NetApp SnapMirror monitor script

I have had some work done lately with NetApp SnapMirror. I have snapped-mirrored some volumes and qtrees and I wanted to monitor their use and behavior over the line.

As you can expect, site-to-site replication of data is a fragile thing, especially when done on the level of the storage device, which is agnostic to the data kept on it. When replicating volumes, I should expect the relevant employees to be responsible regarding what’s placed there, because the storage does not filter out the junk. If someone had decided to add a new DVD image on the DB storage space, well – the DB won’t care, as long as there is enough free space, but the storage will attempt to replicate the added data to the alternate site, which means that if you are around your bandwidth limits, which is never a good thing, you will just create a delay gap you would hardly (if at all) be able to close.

For that, and since I don’t tend to trust people not to do stupid things, I have written this script.

What does it do?

This script will perform the following:

Alerting about non-idle SnapMirror session

Use with ‘-m alert’

Assuming SnapMirror is scheduled to a specific time, the script will alert if a session is active. With the flag ‘-a no’, it will not send an e-mail (if possible, see the configuration section below). With ‘-r yes’, it will react, setting throttle for each non-idle session, but then ‘-t VALUE’ should be specified, where VALUE is the numeric throttle in KB/s.

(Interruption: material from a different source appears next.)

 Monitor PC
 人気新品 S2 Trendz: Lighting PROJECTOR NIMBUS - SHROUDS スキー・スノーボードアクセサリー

Limiting throttle to a SnapMirror session

Use with ‘-m throttle_limit’

The script will set a throttle for SnapMirror session(s). Setting limit by the flag ‘-t VALUE’, where VALUE is the numeric throttle in KB/s per each session.

Cancelling throttle limit

Use with ‘-m throttle_unlimit’

The script will set unlimited throttle for SnapMirror session(s).

Checking SnapMirror lag

Use with the ‘-m check_lag’

Since replication has a purpose of recovering, the lag of each SnapMirror session would show how far back we are. Use with ‘-d VALUE’, VALUE being numeric time in minutes to set alert threshold. The default threshold delay is one day (1440 minutes).

Checking snapshots size

Use with the ‘-m check_size’

This reports the expected delta to transfer. This can help estimate the success or failure of a future sync of data (snapmirror update) before it begins. Use with ‘-l’ flag to set it to log date/time of measure and the expected sizes into a file. By default, in /tmp/target_name.txt, where the target is the SnapMirror target.

General Options

Use with ‘-c filename’ for alternate configuration file.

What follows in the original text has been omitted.